At least 96 dead in South Korea plane crash

At least 96 dead in South Korea plane crash
At least 96 dead in South Korea plane crash

At least 96 people were killed this Sunday in the crash of a Jeju Air plane coming from Bangkok, which crashed and caught fire while landing at Muan airport, in the southwest of South Korea, probably following a collision with birds. “So far, two survivors – both crew members – and 96 dead,” the firefighters said in a statement. They had previously indicated that one of the two survivors was a passenger.

“The plane is almost completely destroyed and the identification of the deceased is proving difficult”

According to them, the plane was “almost completely destroyed” and the passengers and crew members had “little chance of survival”. “The passengers were ejected from the plane when it collided with a barrier, leaving them with little chance of survival,” a local fire official said during a meeting with the victims’ families. “The plane is almost completely destroyed and the identification of the deceased is proving difficult,” he added.

181 people on board

According to authorities, the accident of flight JJA-2216 occurred on Sunday at 9:03 a.m. local time. The plane was carrying 181 people (175 passengers, including two Thai nationals, and six crew members) between Bangkok and Muan, a city located about 290 kilometers south of the capital Seoul.

“The cause of the accident is presumed to be a collision with birds combined with adverse weather conditions”

“The cause of the accident is presumed to be a collision with birds combined with adverse weather conditions. However, the exact cause will be announced after an investigation,” Lee Jeong-hyun, head of the Muan Fire Station, said at a press briefing.

(Handout / South Korean National Fire Agency / AFP)

Engulfed in flames

A video broadcast by local channel MBC shows the aircraft – a Boeing 737-8AS which entered service in 2009, according to the specialist site Flightradar – landing with smoke escaping from the engines. The plane then appeared to hit an obstacle at the end of the runway and was immediately engulfed in flames.

Images broadcast by South Korean television channels show numerous emergency service vehicles and dozens of firefighters working around the carcass of the plane, completely charred except for the tail, and evacuating on stretchers of bodies wrapped in blue shrouds.

Acting South Korean President Choi Sang-mok chaired an emergency government meeting and is traveling to Muan on Sunday afternoon, his office said. “All agencies concerned (…) must mobilize all available resources to save people,” he ordered in a press release.

“Sincere apologies”

This is the first fatal accident in the history of Jeju Air, one of South Korea's largest low-cost airlines, founded in 2005. “Jeju Air will do everything in its power to deal with this accident. We offer our sincere apologies,” the company wrote in a statement published on its social networks on Sunday.

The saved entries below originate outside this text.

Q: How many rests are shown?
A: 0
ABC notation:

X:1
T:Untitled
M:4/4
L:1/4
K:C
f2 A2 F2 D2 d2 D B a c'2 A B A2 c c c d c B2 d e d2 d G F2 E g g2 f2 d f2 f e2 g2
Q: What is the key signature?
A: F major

Plane crashes are very rare in South Korea. The most serious in the country remains the crash on a hill near Busan-Gimhae airport of an Air China Boeing 767 coming from Beijing, which left 129 dead on April 15, 2002.

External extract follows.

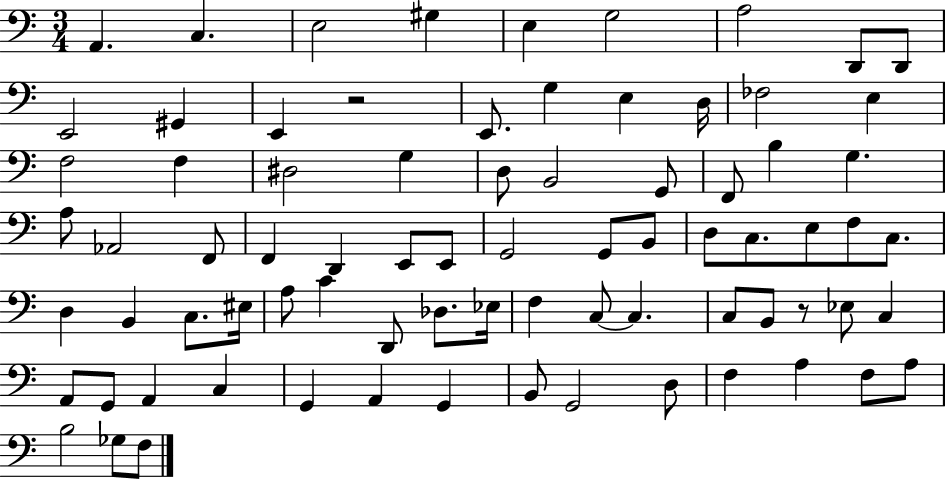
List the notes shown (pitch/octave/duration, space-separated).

A2/q. C3/q. E3/h G#3/q E3/q G3/h A3/h D2/e D2/e E2/h G#2/q E2/q R/h E2/e. G3/q E3/q D3/s FES3/h E3/q F3/h F3/q D#3/h G3/q D3/e B2/h G2/e F2/e B3/q G3/q. A3/e Ab2/h F2/e F2/q D2/q E2/e E2/e G2/h G2/e B2/e D3/e C3/e. E3/e F3/e C3/e. D3/q B2/q C3/e. EIS3/s A3/e C4/q D2/e Db3/e. Eb3/s F3/q C3/e C3/q. C3/e B2/e R/e Eb3/e C3/q A2/e G2/e A2/q C3/q G2/q A2/q G2/q B2/e G2/h D3/e F3/q A3/q F3/e A3/e B3/h Gb3/e F3/e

Before Sunday's accident, the last fatal accident at a South Korean airline was that of an Asiana Boeing 777 which missed its landing at San Francisco airport, killing three people and injuring 182 on July 6. 2013. And the deadliest disaster for a South Korean company remains that of a Korean Air Boeing 747 connecting New York to Seoul via Anchorage (Alaska), which was shot down by a Soviet fighter above the Sea of ​​Japan, causing the death of 246 passengers and 23 crew members on September 1, 1983.